Task objective:
Task for the records below: repeat the line containing "Compatible with Jaguar" and every line after it, exactly and with nothing else, but leave out the pictures.

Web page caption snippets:
═══
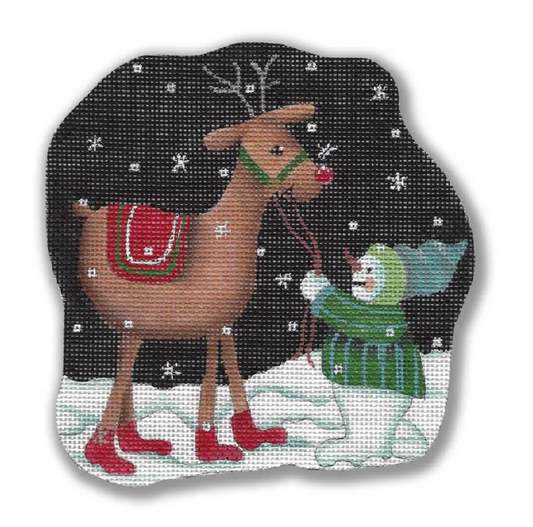 GD-XO57 Snowman with Reindeer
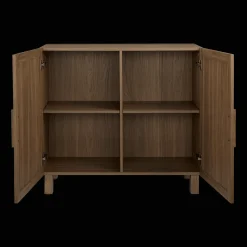 Bouclair Ribbed Door Walnut Veneer Buffet* Furniture Accessories|Buffet Tables & Credenzas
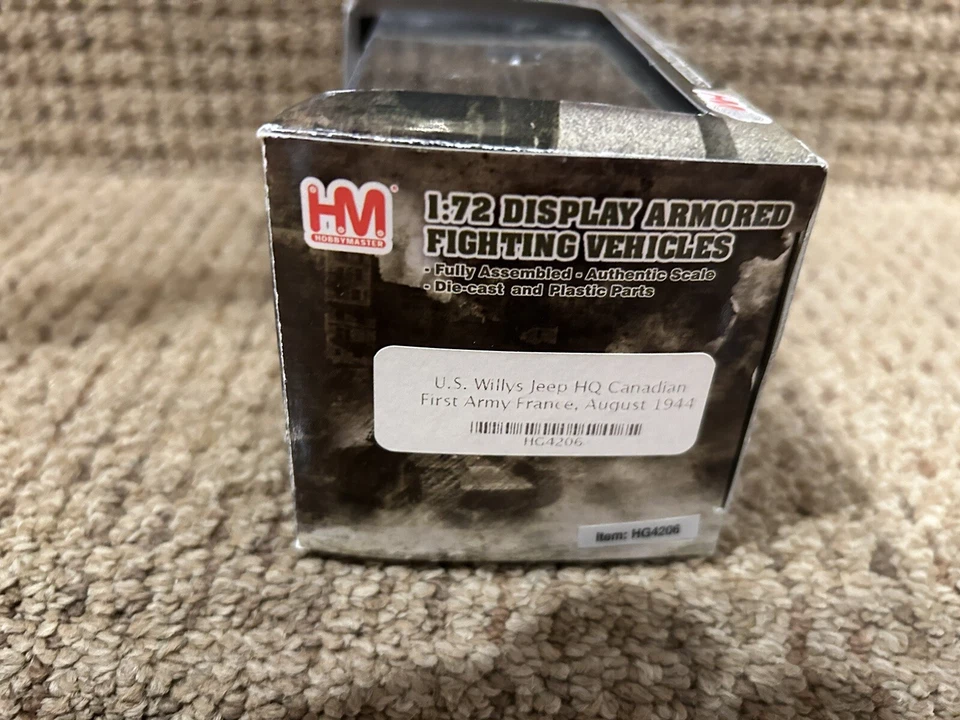 Hobby Master 1:72 Willy's Jeep, Canadian HQ, France 1944, No. HG4206 - Image 4 of 4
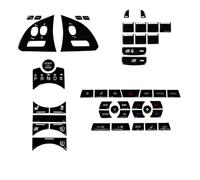 Compatible with Jaguar for XF X250 2012-2015 Car Window Lifter Steering Wheel Gear Shift Switch Button Stickers Black Covers Repair Decals Automotive Interior(Size:H)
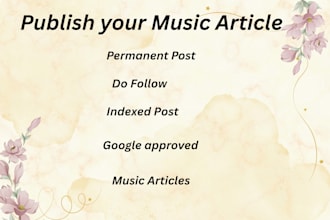 publish your music articles on google index website
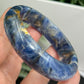 Blue Kyanite Mica Bangle High Quality RARE Crystal Jewellery 58mm Diameter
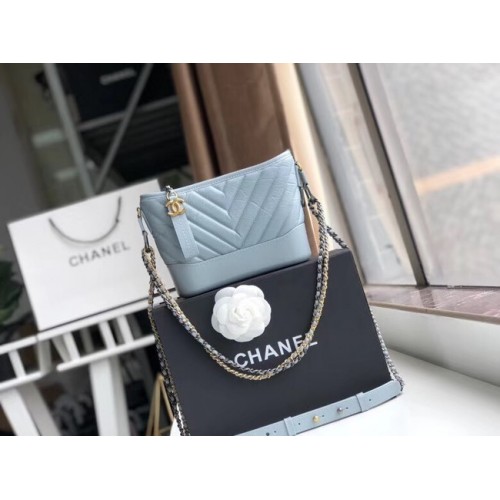 Chanel gabrielle small hobo bag A91810 light blue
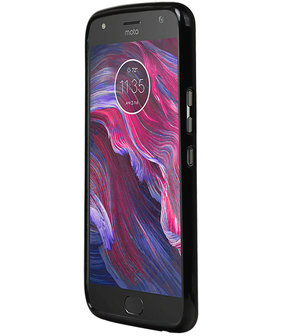 Zwart TPU back case cover Hoesje voor Motorola Moto X4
═══
Exercise result:
 Compatible with Jaguar for XF X250 2012-2015 Car Window Lifter Steering Wheel Gear Shift Switch Button Stickers Black Covers Repair Decals Automotive Interior(Size:H)
 publish your music articles on google index website
 Blue Kyanite Mica Bangle High Quality RARE Crystal Jewellery 58mm Diameter
 Chanel gabrielle small hobo bag A91810 light blue
 Zwart TPU back case cover Hoesje voor Motorola Moto X4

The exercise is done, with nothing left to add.